Raiff: “Her Producer met her first, Ro Donnelly. I pitched her those four elements, and I pitched her the title CHA CHA REAL SMOOTH, and she told Dakota about it. And we all met, the three of us the next day, and it was night time for Dakota, she was in Greece, about to film The Lost Daughter. And I pitched her this Character and I told her how much I love her as a Performer and how much I really wanted to collaborate with her.”
“A big struggle was that the character of Domino is kinda based on my mom. Lola‘s in a way based on my sister. My sister’s disabled. She’s not Autistic, it’s more severe. She has a condition called Holoprosencephaly where she can’t walk or talk and I really wanted to make a Movie about her. This is what I’m talking about. The struggle of something so personal. I was going to make this Movie about my actual sister and I realized she would’ve been a very terrible Actress. She would’ve looked into the camera the whole time. So what I wanted to communicate was that bond.”
“The best moments of the Movie are when Vanessa Burghardt who plays Lola – watching her audition tape, it just triggered something in me where I started crying so hard, because I knew immediately she was reading with her mom, like her mom was behind the camera. I don’t know why I knew, but I could tell she was frustrated at one point. She was frustrated with her mom. It made me laugh and want to cry and that bond is what I wanted to make the Movie about.”.

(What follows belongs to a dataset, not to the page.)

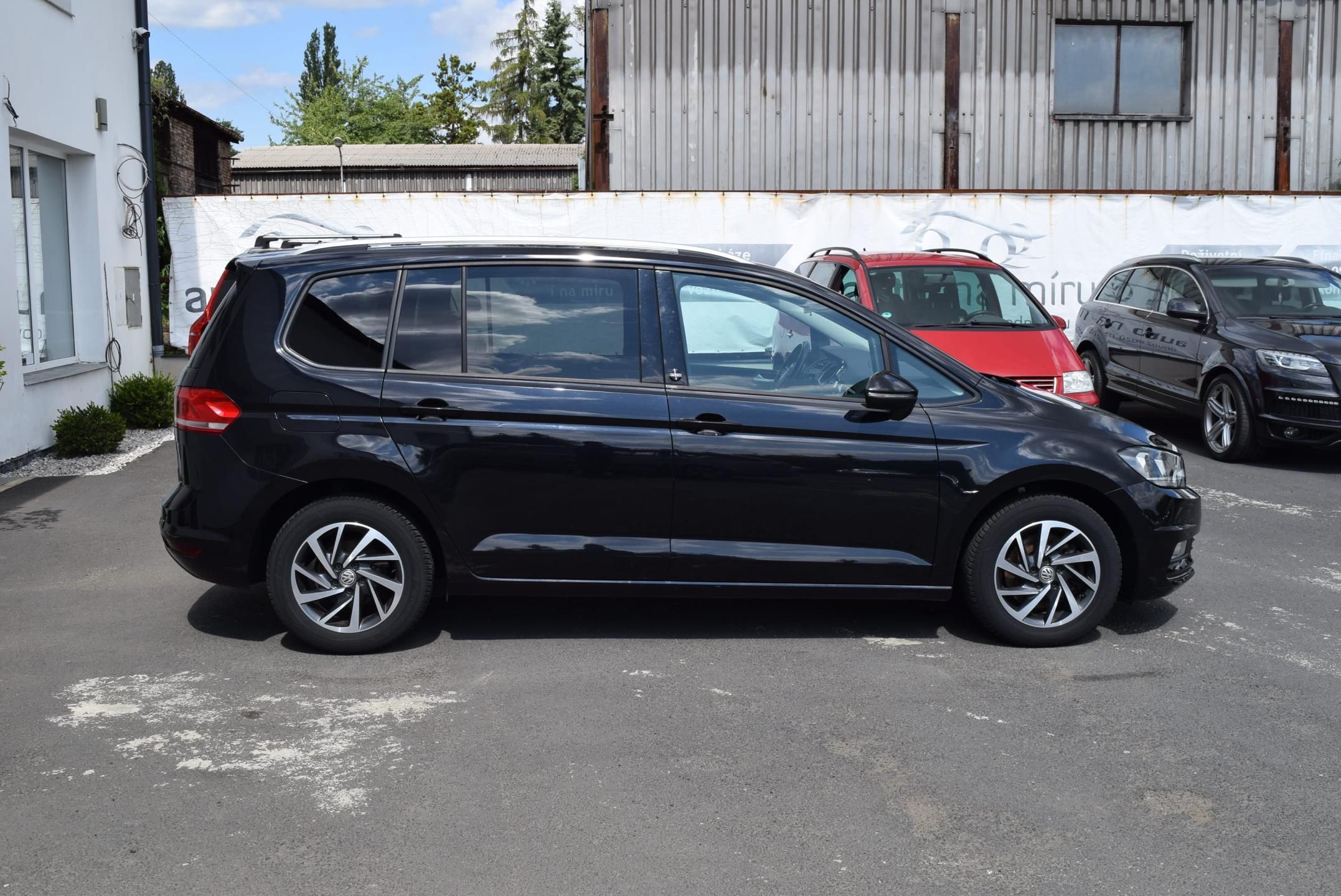 Volkswagen Touran, 1.4TSI 110kw 7MÍST CLBMT NAVI - fotka 6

Vanessa Burghardt delivers a breakout performance here, in what is her Feature Film debut.Raiff tells us about tackling the topic of Disability in his Film.
Raiff: “Vanessa said that Lola’s a person before she’s a poster for Autism. Something I really care about is that it’s important to respect that we are different. But there’s this line in the Movie where Andrew asks Domino, ‘Is it hard?’ to Lola being Autistic, and she says, ‘Yeah, but not because of her’. That is a key thing with people with disabilities. It’s really harsh. But it’s not hard because of this Disability, it’s hard because of the world we’re living in makes it difficult. And it’s not accessible in many ways. People are idiots. I think it’s important to show that embracing it is really easy.”.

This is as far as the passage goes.